— TASK DIRECTIONS —
Lines containing "Image": state how many there are in these entries, and write only that number.

(Records from a data source)
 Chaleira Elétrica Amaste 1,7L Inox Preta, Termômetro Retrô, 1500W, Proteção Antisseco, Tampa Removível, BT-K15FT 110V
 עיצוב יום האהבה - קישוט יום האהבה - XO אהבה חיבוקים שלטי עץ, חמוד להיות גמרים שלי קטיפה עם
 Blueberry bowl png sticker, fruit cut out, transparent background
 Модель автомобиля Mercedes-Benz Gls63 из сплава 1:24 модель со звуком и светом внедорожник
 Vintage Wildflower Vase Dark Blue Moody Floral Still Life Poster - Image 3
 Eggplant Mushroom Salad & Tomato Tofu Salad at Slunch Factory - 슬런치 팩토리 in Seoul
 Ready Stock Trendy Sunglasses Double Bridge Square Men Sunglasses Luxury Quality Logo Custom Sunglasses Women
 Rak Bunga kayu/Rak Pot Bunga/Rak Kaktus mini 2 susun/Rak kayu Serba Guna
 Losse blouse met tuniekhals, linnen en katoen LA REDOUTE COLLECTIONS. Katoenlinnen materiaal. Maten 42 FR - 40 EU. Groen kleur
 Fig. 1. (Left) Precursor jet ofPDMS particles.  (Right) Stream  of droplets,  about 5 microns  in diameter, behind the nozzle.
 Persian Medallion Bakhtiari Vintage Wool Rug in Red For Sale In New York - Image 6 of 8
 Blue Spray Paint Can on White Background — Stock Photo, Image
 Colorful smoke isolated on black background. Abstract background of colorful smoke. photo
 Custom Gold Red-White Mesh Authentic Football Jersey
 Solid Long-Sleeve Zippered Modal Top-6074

— EXERCISE ANSWER —
3